Home Visits Significantly Prevent Fires, London Brigade Reports

Results released Aug. 22 by the UK's largest fire department show that disabled and older residents, among others, are 18 times less likely to have a fire after firefighters visit.

The London Fire Brigade published the results of new research indicating "vulnerable people" are 18 times less likely to have a fire if they receive a home fire safety visit from firefighters. It is the first study of its kind in London and evaluated the effects from 400,000 visits during the past six years. The key conclusion: About 5,000 fires have been prevented by these visits.

They are free visits, of course, and many U.S. fire departments offer similar visits. The firefighters provide life-saving information on how to prevent fires and install free smoke alarms where needed. "The majority of fires in the home are caused by cooking, cigarettes, and candles, so safety advice focuses on those issues, as well information on how to escape should a fire break out," the brigade's release stated. "Fire chiefs have identified that around 700,000 homes in London are more at risk from having a fire and specifically target their visits at them."

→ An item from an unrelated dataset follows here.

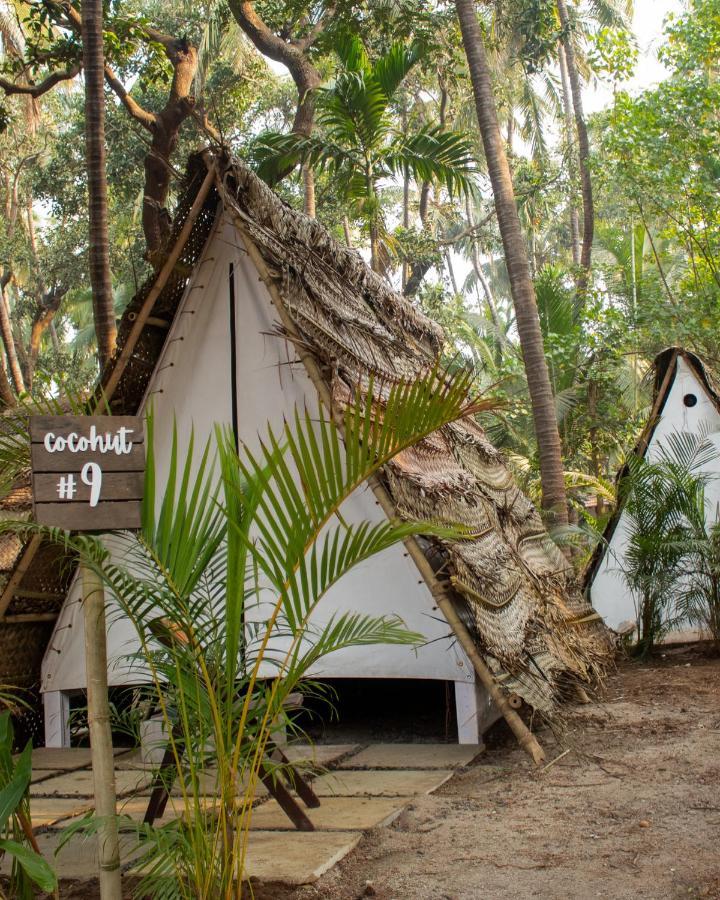 Moonstone Hammock Alibaug 호텔 알리바그 외부 사진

The brigade's "fire risk profile" said these population groups are affected by several of these risk factors:

  • Disability, especially impaired mobility
  • Visual and/or hearing impairments
  • Mental health problems
  • Intoxication by drugs and/or alcohol
  • Smoking
  • Old age
  • Living alone

"The rate of accidental house fires reduced in this group of vulnerable people from 36 per 10,000 people who had not received a visit to only 2 per 10,000 people who had. The report supports the Brigade's targeted approach of using lifestyle profiling, alongside local knowledge and fire data to reach vulnerable people," it reported.

"This new research is evidence that the brigade's home fire safety visits is preventing thousands of fires and saving lives, particularly amongst some of the capital’s most vulnerable people. Joining forces with local councils and other partners has enabled the brigade to reach those most at risk. Home fires are devastating, so it's vital that this important work continues," said Sarah Hayward, chair of the London Fire Authority's Strategy Committee. "Londoners need to look out for friends and neighbors by following some simple fire safety advice. If you know someone who you think could be at risk of having a fire at home, please speak to them about arranging a free home fire safety visit – you may well save their life."